Ainsi c'est fait, ma première fois! Cela faisait si longtemps que j'attendais ce moment.. on m'en avait tellement parlé..J’en rêvais!! Et puis voilà que c'est fait: je suis parti à Paris.
Pourquoi, comment? La raison est simple, au mois de mars, en surfant sur le net, je découvre par hasard que Noam Chomsky, un des plus grands intellectuels encore en vie, vient après 25 ans d'absence donner une conférence à Paris le 29 mai. Le sage est vieux, a dépassé les 80 ans, et ce sera après mes derniers examens. Je ne connais rien de Paris, encore moins des voyages parfois facétieux avec la SNCF, mais il faut se décider vite car je savais pertinemment que les billets allait se vendre comme des petits pains. En même temps mon budget d'étudiant risque d'en prendre un sacré coup..Tant pis! En quelques clics, je me lance dans l'aventure!
Le samedi 29, je suis déjà à la gare de Lille à 6h30 du matin, je ne raterai pas mon TGV. Une heure de voyage ultra rapide, la campagne verte française défile à vitesse vertigineuse devant mes yeux, qui préfèrent surveiller attentivement mes papiers plutôt que de compter les maisons qui passent. Et oui, anxieux même quand tout le monde dort autour de moi.

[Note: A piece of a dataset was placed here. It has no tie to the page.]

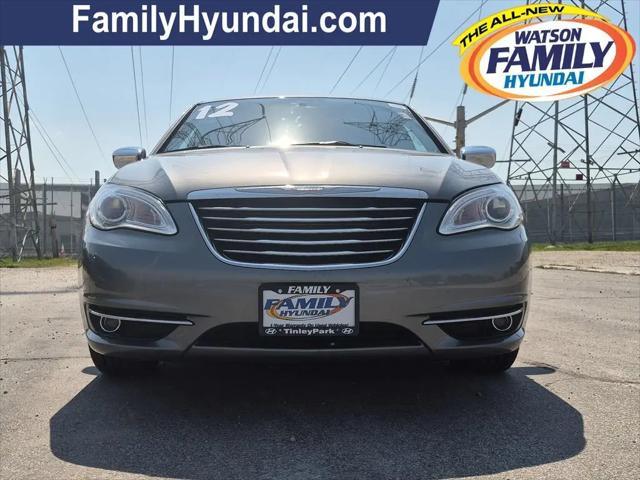 2012 Chrysler 200 Limited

8h02, j'arrive dans la célèbre Gare du Nord, stars de toutes les gares, qui a vu défiler en son antre les plus célèbres poètes et écrivains de leur temps. Sa grande carcasse métallique m'enserrait un peu plus à chacun de mes pas qui me dirigeaient dans le ventre de cette petite ville qui grouillait de voyageurs pressés, d'hommes et de femmes importantes aux attachés-cases et aux costumes impeccables. Ainsi tout est comme je me l'imaginais, et même mieux encore. Je sorti quelques instant plus tard pour me dégourdir un peu les jambes… et puis moi, il me faut marcher dans une ville longtemps pour la connaitre, les brochures pour touristes ce n'est pas mon truc.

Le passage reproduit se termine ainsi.